Osmanlı İmparatorluğu Döneminde İstanbul

                       Günümüzde siyasi olarak bazı kimseler Osmanlı torunu olmayı kabullenemiyorlar. Osmanlılar, Selçukluların devamıdır. Selçuklular, Gaznelilerin, Karahanlıların devamıdır. Onlar Uygurların, Uygurlar, Göktürklerin, Göktürkler Avarların, Avarlar, Hunların torunlarıdır. Hani Hunlar dediğimizde Avrupa’da Macaristan bile günümüzde devlet adlarına Hungary yani Hun ülkesi demektedir.

                   Türkler, tarihin her döneminde devlet kurmuşlardır. Türklerin kurdukları devletler, genelde kendi iç çarpışmalar sonunda zayıflaması ya da büyük savaşlarda kaybedip kendi içlerinde taht kavgaları sonucu yıkılmışlardır.

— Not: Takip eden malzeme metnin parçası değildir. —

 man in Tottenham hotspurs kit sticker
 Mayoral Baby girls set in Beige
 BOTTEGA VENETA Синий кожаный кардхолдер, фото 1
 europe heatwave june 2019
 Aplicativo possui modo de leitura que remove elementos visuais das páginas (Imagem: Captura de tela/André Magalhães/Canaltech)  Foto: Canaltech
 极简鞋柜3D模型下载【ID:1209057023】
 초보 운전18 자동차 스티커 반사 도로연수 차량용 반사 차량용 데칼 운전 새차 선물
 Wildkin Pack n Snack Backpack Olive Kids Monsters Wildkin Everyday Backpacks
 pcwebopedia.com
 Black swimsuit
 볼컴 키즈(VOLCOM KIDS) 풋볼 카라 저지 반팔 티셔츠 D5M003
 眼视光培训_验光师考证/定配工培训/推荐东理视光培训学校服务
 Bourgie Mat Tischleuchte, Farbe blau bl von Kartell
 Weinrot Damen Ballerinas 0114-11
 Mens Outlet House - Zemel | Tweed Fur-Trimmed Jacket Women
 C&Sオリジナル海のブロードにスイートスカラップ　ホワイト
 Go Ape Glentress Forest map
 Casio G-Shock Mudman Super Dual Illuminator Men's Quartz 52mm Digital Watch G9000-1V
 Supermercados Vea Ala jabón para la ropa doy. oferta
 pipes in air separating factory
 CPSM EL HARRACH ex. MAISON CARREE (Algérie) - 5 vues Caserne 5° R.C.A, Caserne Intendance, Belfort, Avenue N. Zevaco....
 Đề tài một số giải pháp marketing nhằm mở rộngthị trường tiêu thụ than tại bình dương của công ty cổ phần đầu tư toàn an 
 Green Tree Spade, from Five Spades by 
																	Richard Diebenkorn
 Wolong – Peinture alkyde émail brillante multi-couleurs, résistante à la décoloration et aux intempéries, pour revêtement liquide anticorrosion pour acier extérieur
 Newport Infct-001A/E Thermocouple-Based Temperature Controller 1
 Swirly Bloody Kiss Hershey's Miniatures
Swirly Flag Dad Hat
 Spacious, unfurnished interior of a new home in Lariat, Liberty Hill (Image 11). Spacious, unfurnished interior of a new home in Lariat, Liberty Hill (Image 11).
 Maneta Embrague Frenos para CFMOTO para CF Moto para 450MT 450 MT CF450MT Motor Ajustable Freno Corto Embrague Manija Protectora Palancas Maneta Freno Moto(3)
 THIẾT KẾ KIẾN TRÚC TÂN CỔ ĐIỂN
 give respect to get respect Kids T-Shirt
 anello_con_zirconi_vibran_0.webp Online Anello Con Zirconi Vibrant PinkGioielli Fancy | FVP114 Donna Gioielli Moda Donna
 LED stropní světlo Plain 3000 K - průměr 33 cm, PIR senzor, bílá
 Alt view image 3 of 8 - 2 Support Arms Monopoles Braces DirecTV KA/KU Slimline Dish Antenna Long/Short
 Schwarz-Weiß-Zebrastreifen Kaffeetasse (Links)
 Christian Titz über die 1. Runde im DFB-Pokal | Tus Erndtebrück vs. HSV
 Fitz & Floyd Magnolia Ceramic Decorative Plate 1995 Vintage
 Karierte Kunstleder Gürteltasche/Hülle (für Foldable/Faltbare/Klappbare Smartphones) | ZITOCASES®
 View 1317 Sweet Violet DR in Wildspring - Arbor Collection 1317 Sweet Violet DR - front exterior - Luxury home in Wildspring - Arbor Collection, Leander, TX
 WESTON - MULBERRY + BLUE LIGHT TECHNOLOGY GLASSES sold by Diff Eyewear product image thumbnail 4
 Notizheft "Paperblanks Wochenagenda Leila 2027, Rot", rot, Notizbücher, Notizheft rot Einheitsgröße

                       Türkler, bilinen dünyanın ve bilinen zamanında her yerde devlet kurmuşlardır. Türkler, bir bakıyorsunuz Atilla ile Fransa’nın Galya bölgesinde Roma İmparatorluğu ile İtalya’nın içlerinde Roma İmparatorluğu ile savaşmışlardır.  Mısır’da Tolunoğulları, Akşitler, Eyyübiler ve Memlukler devletlerini kurdukları gibi Cezayir’de de kurdukları devleti Osmanlılara vermişlerdir. 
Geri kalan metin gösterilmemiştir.